((

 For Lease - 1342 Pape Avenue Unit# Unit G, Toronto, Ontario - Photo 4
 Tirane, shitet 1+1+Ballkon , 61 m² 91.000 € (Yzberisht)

))
((

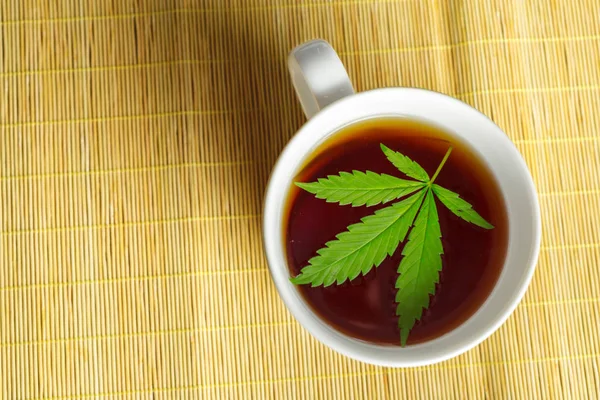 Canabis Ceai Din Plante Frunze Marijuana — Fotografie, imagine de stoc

))

• [YOUR ASSIGNMENT] Go back to the listing above. Copy word for word the lines from the one with "For Lease - 1342" through the one with "Tirane, shitet 1+1+Ballkon", and nothing more.

• [EXERCISE RESPONSE]
 For Lease - 1342 Pape Avenue Unit# Unit G, Toronto, Ontario - Photo 4
 Tirane, shitet 1+1+Ballkon , 61 m² 91.000 € (Yzberisht)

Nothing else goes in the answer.